#### Exercise aim:
Every picture is to be removed, and all the data is to be copied exactly.

#### Dataset entries:
-=-=-=-=-

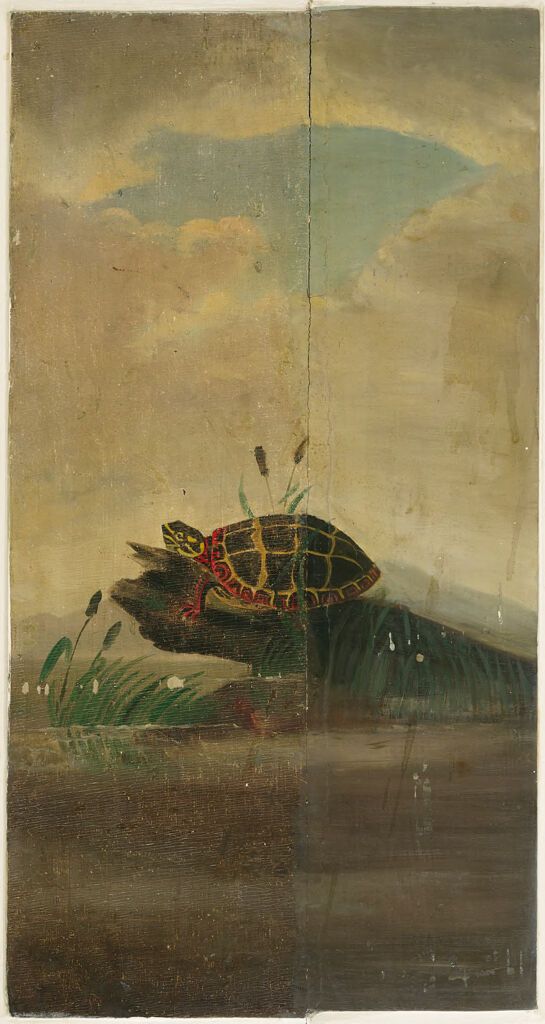 Tortoise resting on a log, wood medium, by William Stanley Haseltine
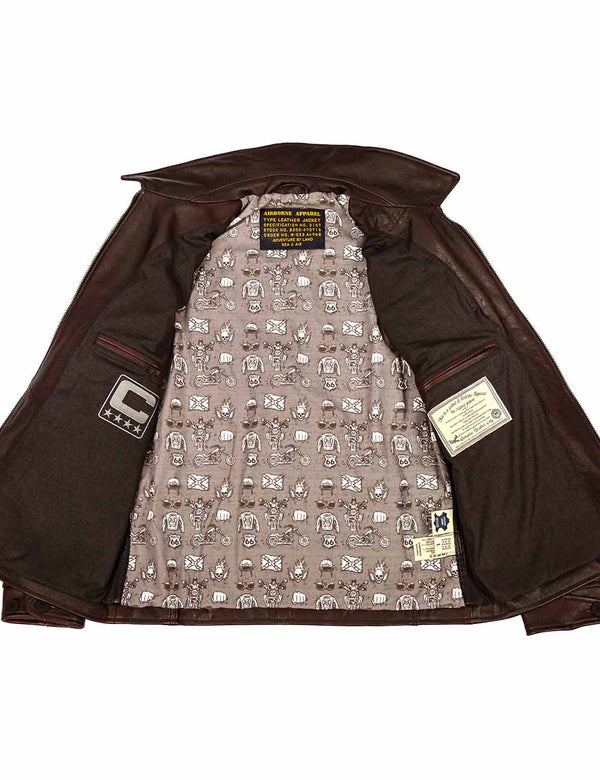 Chaqueta biker de cuero Route 66 Chicago Art. 406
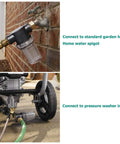 Inline Garden Hose Water Filter For Pressure Washer With Sediment Strainer And Two Extra 100 Mesh Screens Plus Heavy Duty Gasket Set For Straight Plug Ease And Works Like A Champ Outdoors attached to home spigot and pressure washer.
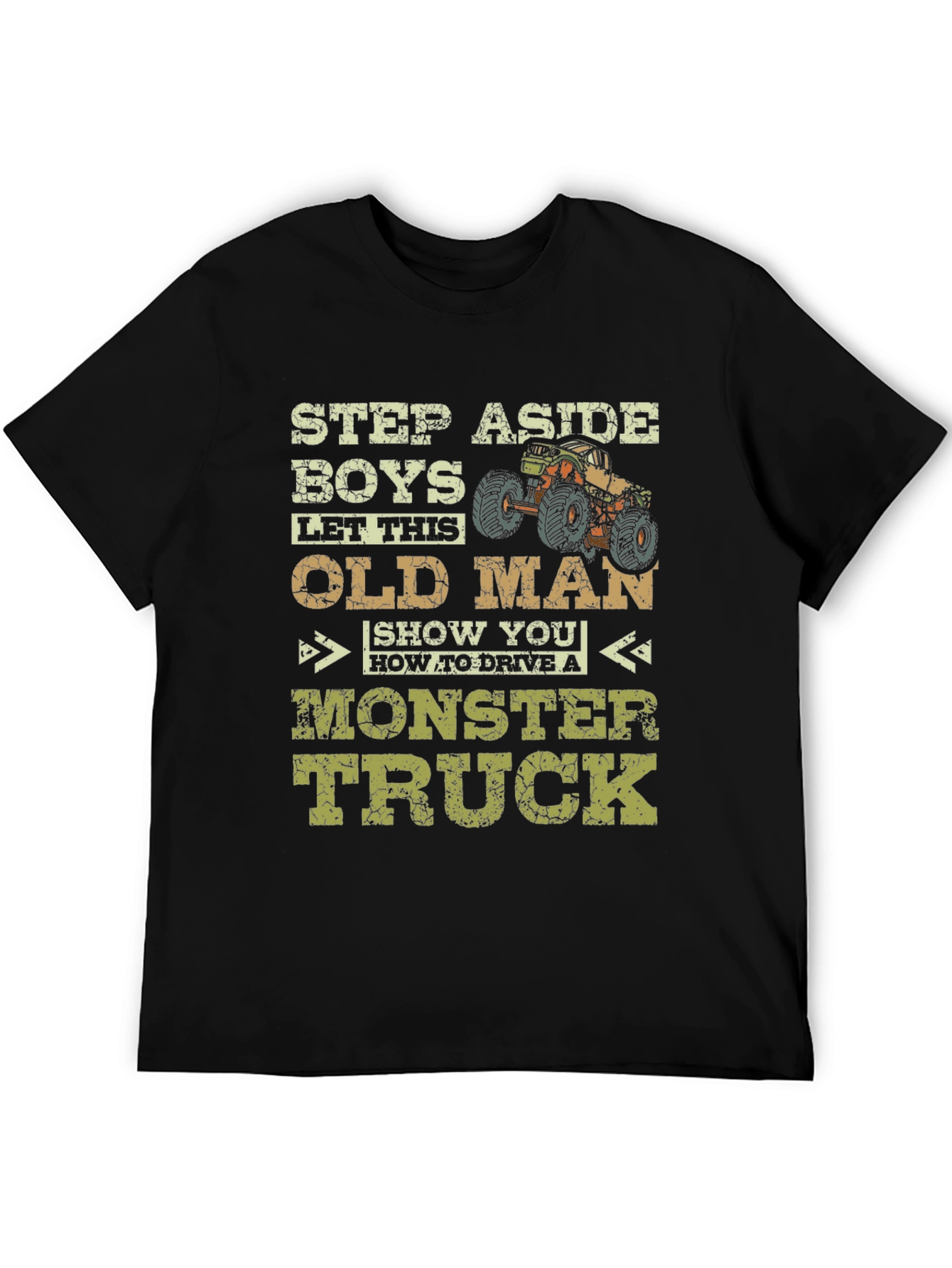 Funny Old Man Monster Truck T-Shirt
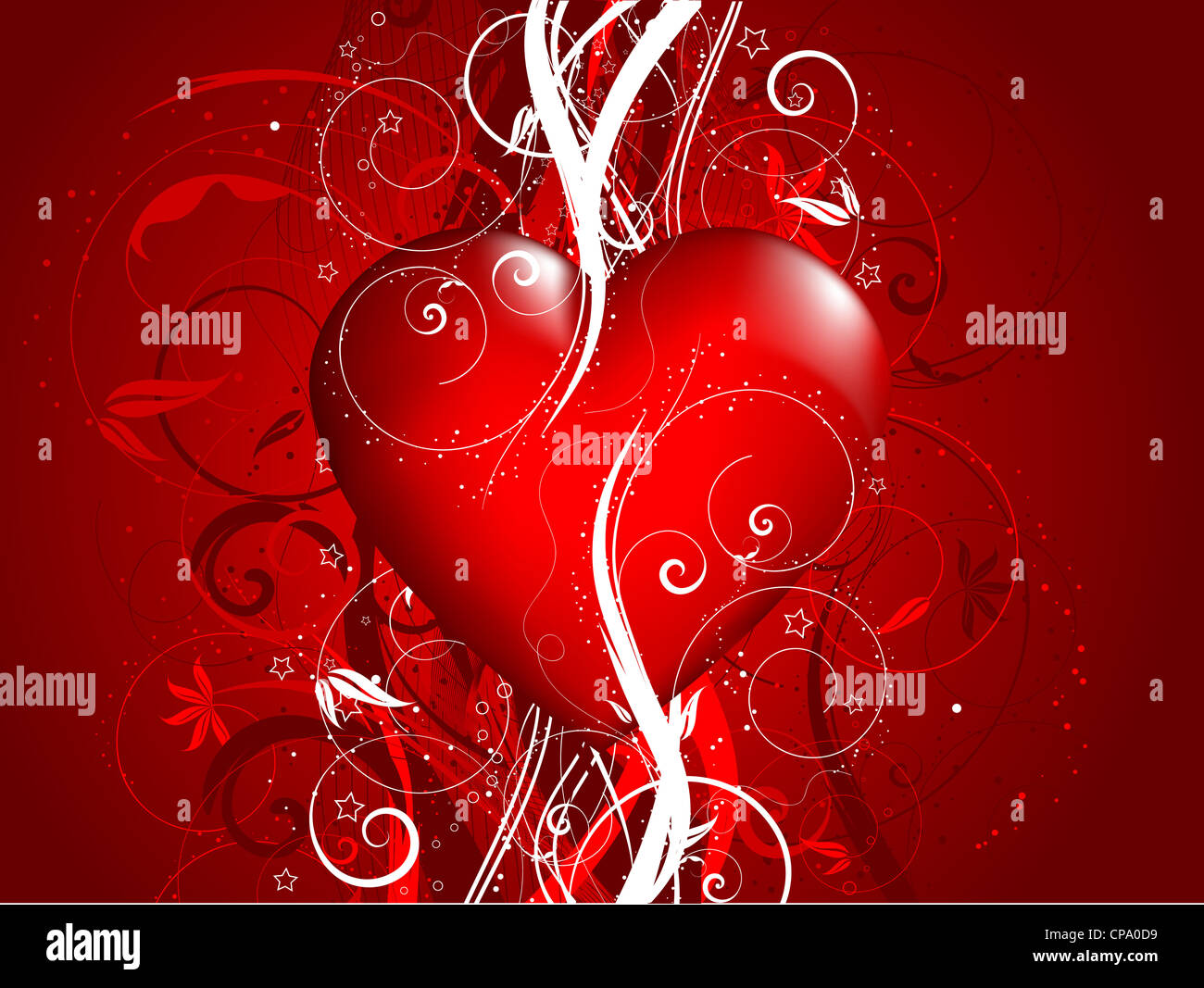 Glossy red heart on a decorative floral background Stock Photo - Alamy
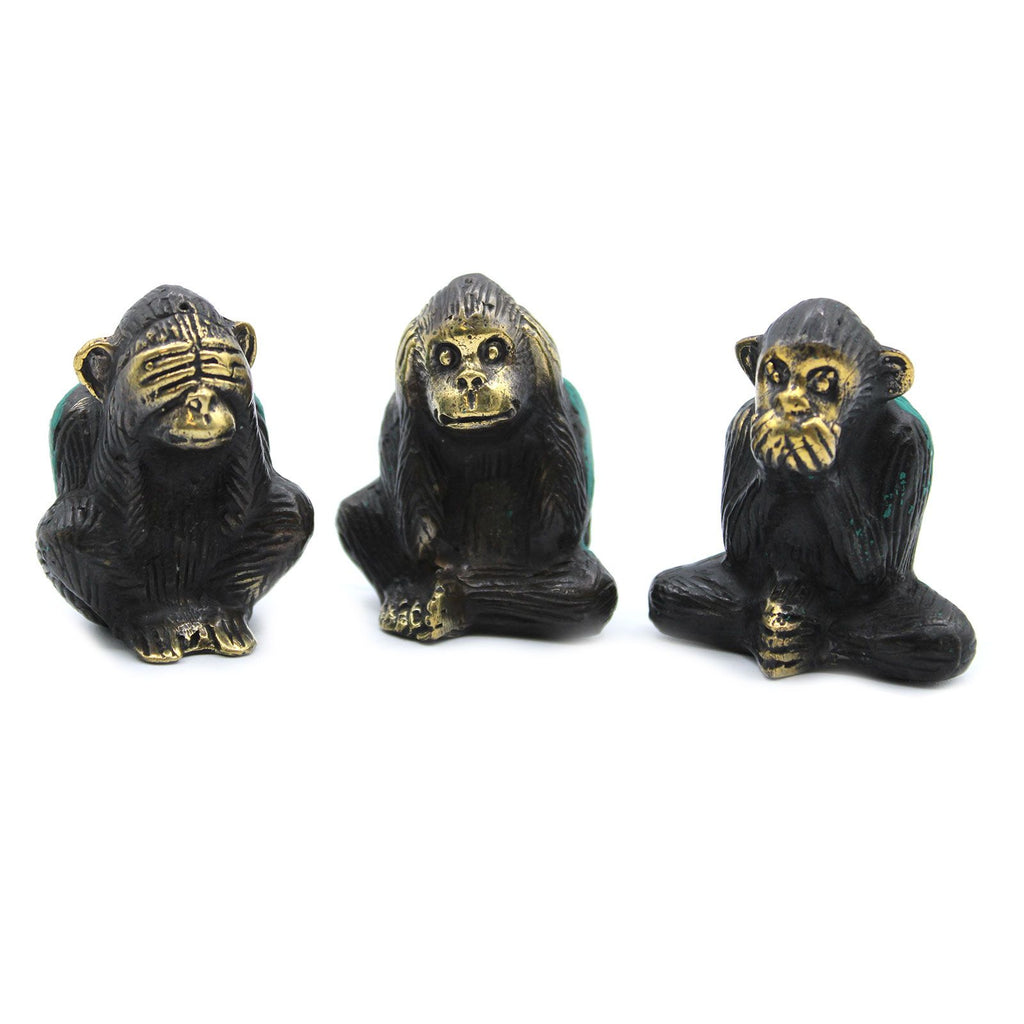 Brass See No Evil Monkey Set of 3 – view 2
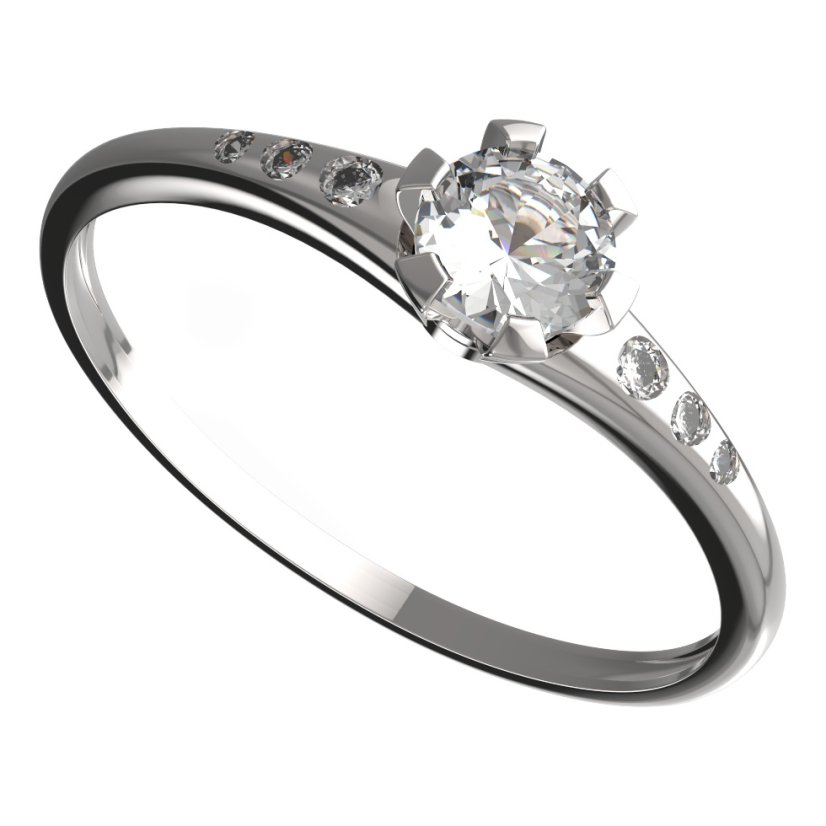 BG zlatý prstýnek 556 K Bílé zlato - 585 Diamant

-=-=-=-=-

#### Result for this task:
 Tortoise resting on a log, wood medium, by William Stanley Haseltine
 Chaqueta biker de cuero Route 66 Chicago Art. 406
 Inline Garden Hose Water Filter For Pressure Washer With Sediment Strainer And Two Extra 100 Mesh Screens Plus Heavy Duty Gasket Set For Straight Plug Ease And Works Like A Champ Outdoors attached to home spigot and pressure washer.
 Funny Old Man Monster Truck T-Shirt
 Glossy red heart on a decorative floral background Stock Photo - Alamy
 Brass See No Evil Monkey Set of 3 – view 2
 BG zlatý prstýnek 556 K Bílé zlato - 585 Diamant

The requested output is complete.